▶ [Exercise requirements]: Produce a verbatim copy of the records, and keep the images out of it.
### Data for the task ###
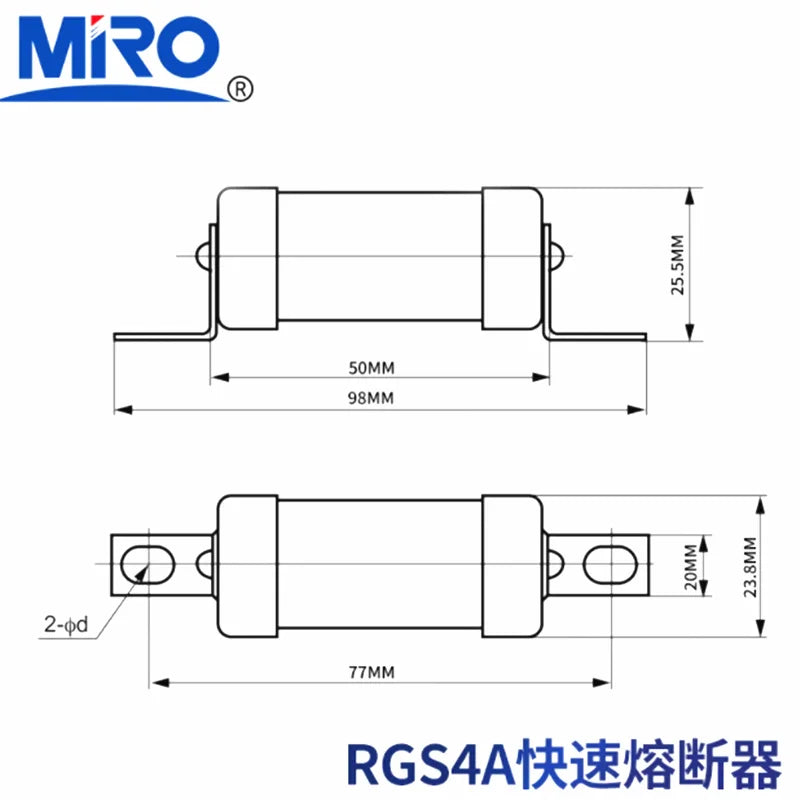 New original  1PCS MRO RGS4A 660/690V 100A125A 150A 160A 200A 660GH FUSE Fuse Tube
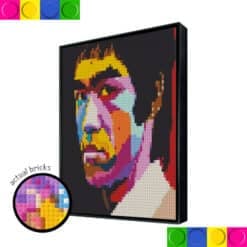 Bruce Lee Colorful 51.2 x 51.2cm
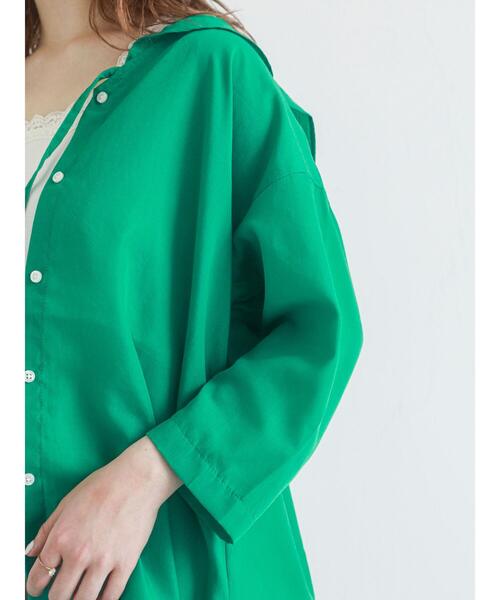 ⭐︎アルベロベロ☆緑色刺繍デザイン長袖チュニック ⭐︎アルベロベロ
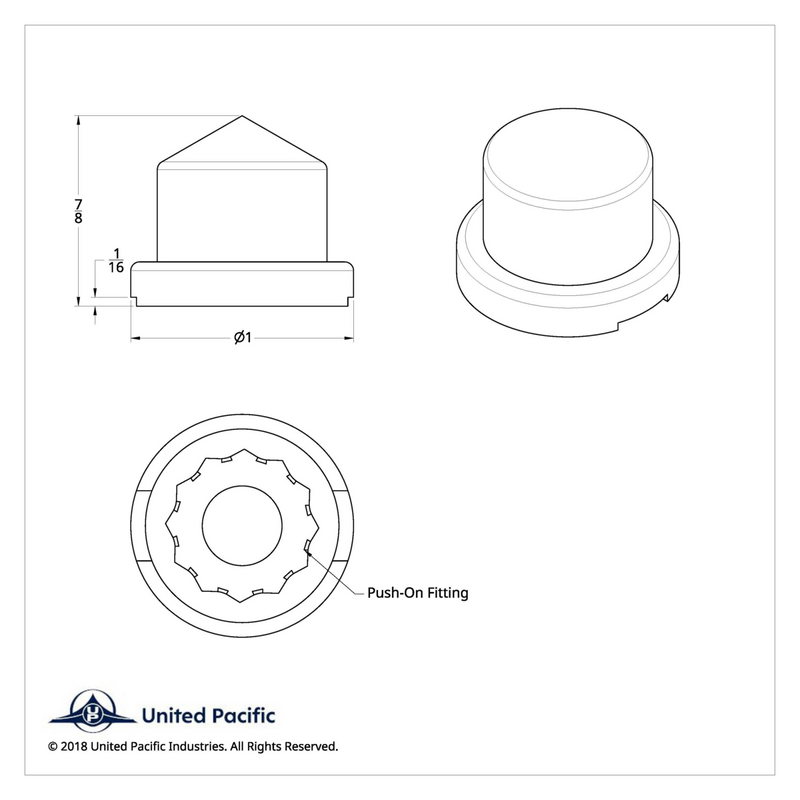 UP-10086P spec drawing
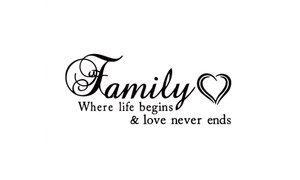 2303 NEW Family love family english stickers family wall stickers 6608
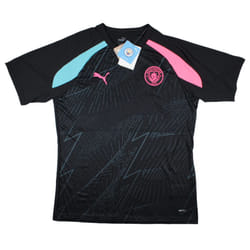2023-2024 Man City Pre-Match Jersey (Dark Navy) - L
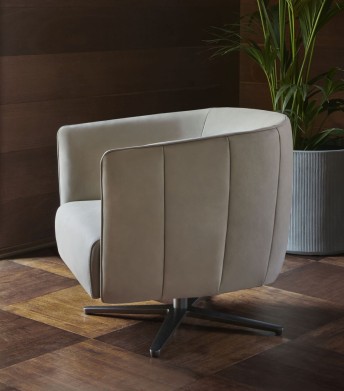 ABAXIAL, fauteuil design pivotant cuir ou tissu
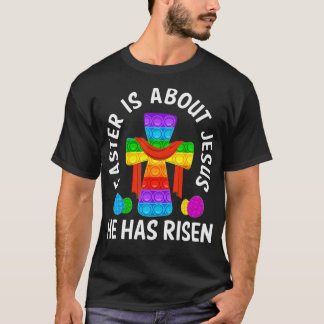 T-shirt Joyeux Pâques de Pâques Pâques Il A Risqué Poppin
###
▶ [Result of this task]:
 New original  1PCS MRO RGS4A 660/690V 100A125A 150A 160A 200A 660GH FUSE Fuse Tube
 Bruce Lee Colorful 51.2 x 51.2cm
 ⭐︎アルベロベロ☆緑色刺繍デザイン長袖チュニック ⭐︎アルベロベロ
 UP-10086P spec drawing
 2303 NEW Family love family english stickers family wall stickers 6608
2023-2024 Man City Pre-Match Jersey (Dark Navy) - L
 ABAXIAL, fauteuil design pivotant cuir ou tissu
 T-shirt Joyeux Pâques de Pâques Pâques Il A Risqué Poppin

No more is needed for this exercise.